1.Frantic efforts to avoid real or imagined abandonment.
I feel like this is the most dominant criterion for BPD. Donnie displays this by formulating elaborate plans to prevent april from not hanging out with him and saving her father after he got mutated --which I am aware is mostly because he's a good person and wants to save another human being-- but also it's pretty obvious he thinks this will bring her back to him.
RSD ( rejection sensitive dysphoria) is also VERY prominent in people with bpd. This is shown in episode 10 Fungus Humungous. Not just the rejection of April but of people all together seeing that april in the first few seasons is represented more of a concept to him rather than somebody he actually loves.
2.A pattern of unstable and intense interpersonal relationships characterized by alternating between extremes of idealization and devaluation.
I think it's safe to say the relationship april and donnie has is unstable. Mostly on donnie's end. He is shown to idealize her often but also has snapped on her once in the show when she didn't act/respond the way he wanted her to in season 1 episode 9. All of this is mostly in Donnie's head because the feelings aren't reciprocated, but the relationship for him at least is very intense and he has intense feelings about it.
3. Affective instability due to a marked reactivity of mood (e.g., intense episodic dysphoria, irritability or anxiety usually lasting a few hours and only rarely more than a few days).
Donnie has A LOT of mood swings throughout the series.

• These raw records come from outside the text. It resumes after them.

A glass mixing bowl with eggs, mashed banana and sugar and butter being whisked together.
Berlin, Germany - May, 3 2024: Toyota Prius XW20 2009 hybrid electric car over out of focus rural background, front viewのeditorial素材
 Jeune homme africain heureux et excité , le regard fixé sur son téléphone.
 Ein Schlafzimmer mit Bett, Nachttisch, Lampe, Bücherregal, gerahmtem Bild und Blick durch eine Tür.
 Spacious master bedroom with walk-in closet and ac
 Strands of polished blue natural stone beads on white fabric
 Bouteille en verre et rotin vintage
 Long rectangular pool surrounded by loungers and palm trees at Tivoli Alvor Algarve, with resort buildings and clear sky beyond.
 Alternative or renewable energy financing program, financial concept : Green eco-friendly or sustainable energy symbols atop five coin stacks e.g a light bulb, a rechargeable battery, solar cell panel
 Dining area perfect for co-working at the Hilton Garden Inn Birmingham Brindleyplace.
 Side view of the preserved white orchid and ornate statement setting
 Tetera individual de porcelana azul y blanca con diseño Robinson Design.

More than any of his other siblings and not saying a lot because of raph. It's mostly just anxiety and irritability that only lasts a few moments in the episode.
4. Transient, stress-related paranoid ideation or severe dissociative symptoms.
I think Donnie displays paranoid ideation wich is characterized by persistent thoughts of distrust or suspicion. This is usually targeted at casey (the love rival) but sometimes it's inappropriate when casey and april are just standing next to one another.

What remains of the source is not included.